Nov. 23 (Bloomberg) -- Divisions between rich and poor countries flared over the European Union’s next seven-year budget, leading German Chancellor Angela Merkel to rule out an accord until the new year.
France defended farm subsidies, Britain clung to a rebate and Denmark demanded its own refund, while countries in eastern and southern Europe said reduced financing for public-works projects would condemn their economies to lag behind the wealthier north.
“Positions remain too far apart,” Merkel told reporters early today after the first session of a summit in Brussels. “Probably there will be no result at the end of this summit. There may be some progress but it is probable that we will need to meet again at a second stage.”
The political stakes dwarf the economic significance of spending equal to 1 percent of European gross domestic product, offering a glimpse of where the power lies in the 27-nation European Union and whether the euro-area crisis is bringing the bloc closer together or driving it apart. In the absence of a deal by late 2013, the EU would roll over its annual budget.
The stalemate came two days after finance ministers argued in vain for more than 11 hours over how to dig debt-stricken Greece out of its fiscal hole, in another reflection of the rich-poor divide that scars the European economy.
While the euro fell about half a cent against the dollar after the meeting on Greece, it has climbed 0.5 percent since then, trading at $1.2901 at 9:17 a.m. in Brussels, up 0.1 percent on the day. Greek bonds declined, snapping 10 days of gains, while debt of Italy, Spain and France was little changed. The Euro Stoxx 50 index gained 0.1 percent to 2,538.48.
In the budget debate, the numbers have been whittled down since the first proposal came out in mid-2011. The latest draft foresaw spending of 973 billion euros ($1.3 trillion) for the 2014-2020 period, down 6 percent from the original European Commission proposal and 2 percent from the 994 billion euros for the current seven-year period.
The talks resume at 12 p.m. today, based on a new proposal that Danish Prime Minister Helle Thorning-Schmidt said shifts spending between categories without touching the overall sums in the pre-summit draft.
Britain took aim at a 50 billion-euro program for transport, energy and broadband projects known as the “Connecting Europe” facility. France sought to gut the same program, ditching a growth initiative once touted by President Francois Hollande in order to spare the agriculture budget.
Britain’s rebate demands and France’s defense of farming gave the talks the flavor of EU negotiations in the 1970s or 1980s, belying pledges to equip Europe with a budget to make it more competitive in the face of emerging powers like China.
“Too much of the resources are directed toward what Europe was and not what it should become,” Swedish Prime Minister Fredrik Reinfeldt said.

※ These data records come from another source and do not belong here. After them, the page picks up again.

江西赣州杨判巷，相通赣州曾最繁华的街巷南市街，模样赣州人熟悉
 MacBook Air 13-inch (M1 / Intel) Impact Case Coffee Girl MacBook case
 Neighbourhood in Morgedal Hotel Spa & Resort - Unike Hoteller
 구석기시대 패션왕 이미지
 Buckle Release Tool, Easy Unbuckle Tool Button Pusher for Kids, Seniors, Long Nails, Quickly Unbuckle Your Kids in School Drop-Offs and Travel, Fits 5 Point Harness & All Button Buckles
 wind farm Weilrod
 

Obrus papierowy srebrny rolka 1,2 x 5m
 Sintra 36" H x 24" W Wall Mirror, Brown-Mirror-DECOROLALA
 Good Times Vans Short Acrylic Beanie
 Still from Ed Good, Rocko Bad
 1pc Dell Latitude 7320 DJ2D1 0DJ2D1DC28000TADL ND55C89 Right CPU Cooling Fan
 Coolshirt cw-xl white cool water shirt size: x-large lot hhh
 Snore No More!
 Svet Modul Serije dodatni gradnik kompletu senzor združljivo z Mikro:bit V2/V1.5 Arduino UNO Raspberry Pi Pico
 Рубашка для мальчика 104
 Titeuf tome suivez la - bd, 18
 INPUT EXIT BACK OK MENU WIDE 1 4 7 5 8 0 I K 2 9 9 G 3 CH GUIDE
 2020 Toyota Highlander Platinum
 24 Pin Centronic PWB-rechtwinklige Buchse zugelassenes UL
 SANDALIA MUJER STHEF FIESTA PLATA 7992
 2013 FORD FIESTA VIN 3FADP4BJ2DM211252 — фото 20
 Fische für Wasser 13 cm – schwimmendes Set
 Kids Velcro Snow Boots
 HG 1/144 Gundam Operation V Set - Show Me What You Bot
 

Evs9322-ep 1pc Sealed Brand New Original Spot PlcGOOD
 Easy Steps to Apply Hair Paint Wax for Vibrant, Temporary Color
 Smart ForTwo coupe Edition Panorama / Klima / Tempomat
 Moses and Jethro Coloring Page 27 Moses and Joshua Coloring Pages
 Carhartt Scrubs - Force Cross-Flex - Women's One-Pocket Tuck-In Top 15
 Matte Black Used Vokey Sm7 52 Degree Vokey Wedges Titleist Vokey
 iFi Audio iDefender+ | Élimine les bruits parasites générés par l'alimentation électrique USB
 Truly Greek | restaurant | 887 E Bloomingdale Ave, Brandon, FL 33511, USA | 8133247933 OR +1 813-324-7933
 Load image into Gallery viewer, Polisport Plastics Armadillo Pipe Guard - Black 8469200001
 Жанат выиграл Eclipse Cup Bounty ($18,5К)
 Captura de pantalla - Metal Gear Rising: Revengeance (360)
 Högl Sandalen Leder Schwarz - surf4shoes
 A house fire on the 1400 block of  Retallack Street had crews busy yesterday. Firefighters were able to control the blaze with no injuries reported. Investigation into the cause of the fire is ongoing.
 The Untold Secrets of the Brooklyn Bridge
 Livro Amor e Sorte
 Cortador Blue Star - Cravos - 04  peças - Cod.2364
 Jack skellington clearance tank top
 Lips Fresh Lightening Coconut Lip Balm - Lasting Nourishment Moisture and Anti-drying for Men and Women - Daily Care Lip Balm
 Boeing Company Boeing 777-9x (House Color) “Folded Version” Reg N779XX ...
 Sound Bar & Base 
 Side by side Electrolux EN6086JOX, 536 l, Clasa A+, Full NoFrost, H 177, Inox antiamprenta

Raised through national contributions, close to half of the budget would go for construction projects like rail lines and bridges, important for eastern European countries still struggling with the legacy of communism and for southern countries battered by the debt crisis.
Over a third would go for agriculture, championed by France since the early days of the EU. French farmers picked up 9.5 billion euros in European subsidies in 2011, the biggest single share. Spain, Greece, Italy, Ireland and Poland also number among the defenders of farm aid.
“The reduction is still too large,” Hollande said of a new proposal that would restore 8 billion euros of a proposed 25 billion-euro farm-aid cut. He countered Britain’s refund claims, saying “they can’t ask for a smaller budget and a larger rebate.”
Smaller parts of the budget go for programs on immigration and border control, foreign policy and development aid, and salaries for the more 50,000 employees of institutions including the commission, European Parliament and bodies ranging from the European Chemicals Agency in Helsinki to the European Fisheries Control Agency in Vigo, Spain.
Staff costs -- about 6 percent of the total -- are a sticking point for Britain. U.K. Prime Minister David Cameron looked for further reductions after the pre-summit proposal shaved personnel costs by about 500 million euros to 63.2 billion euros.
What matters most to Britain, however, is the preservation of the rebate won by Margaret Thatcher in 1984, when the EU budget was more heavily slanted toward farming. Successive U.K. governments have defended the refund, worth 3.6 billion euros in 2010, though still leaving Britain as a net payer.
“We are going to be negotiating very hard for a good deal for Britain’s taxpayers and Europe’s taxpayers and to keep the British rebate,” Cameron said.
With countries such as Denmark and the Netherlands protecting or seeking money-back plans of their own, most leaders showed little appetite for challenging Britain’s rebate, at least on principle.
“We need the U.K. in,” Finnish Prime Minister Jyrki Katainen said. “We all have some preconditions and we all must be ready for compromises, otherwise we don’t have a compromise.”